Quote only the span from the first line of the entries to the line containing "Tan tactical vest", both ends kept. Leave every picture out.

Data items -
+---+

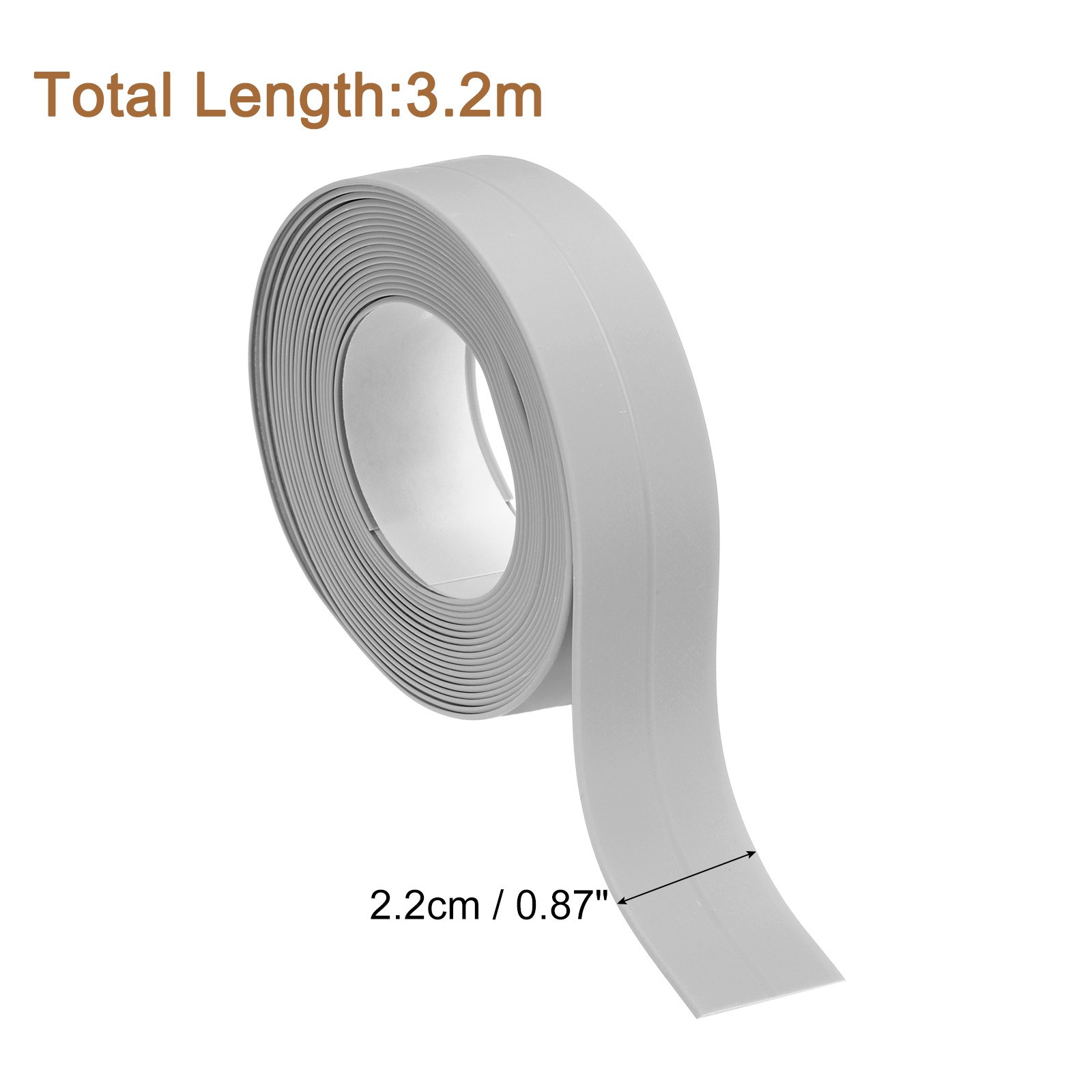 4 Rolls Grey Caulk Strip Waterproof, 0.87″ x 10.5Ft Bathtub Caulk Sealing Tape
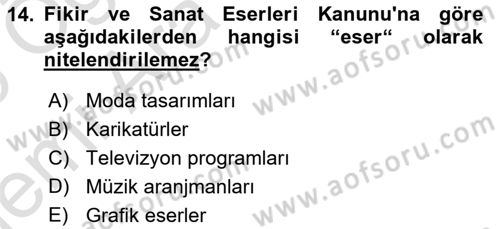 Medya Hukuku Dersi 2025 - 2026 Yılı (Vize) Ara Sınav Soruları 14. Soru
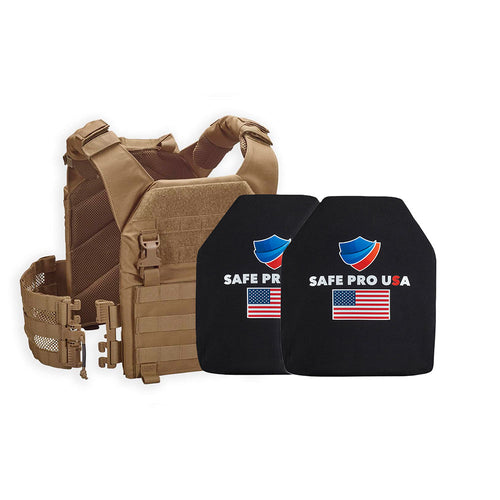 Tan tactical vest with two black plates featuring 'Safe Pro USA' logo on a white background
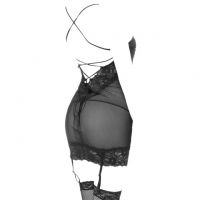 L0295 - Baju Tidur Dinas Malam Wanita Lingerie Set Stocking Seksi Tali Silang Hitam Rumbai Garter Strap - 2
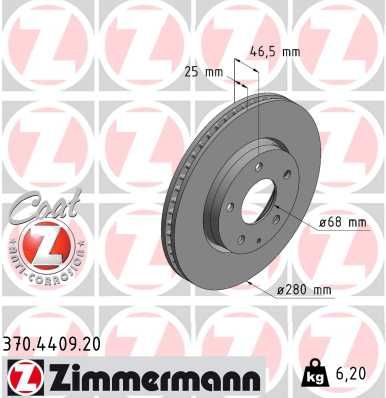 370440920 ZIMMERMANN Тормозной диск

+---+

Expected answer -
 4 Rolls Grey Caulk Strip Waterproof, 0.87″ x 10.5Ft Bathtub Caulk Sealing Tape
 Medya Hukuku Dersi 2025 - 2026 Yılı (Vize) Ara Sınav Soruları 14. Soru
 Tan tactical vest with two black plates featuring 'Safe Pro USA' logo on a white background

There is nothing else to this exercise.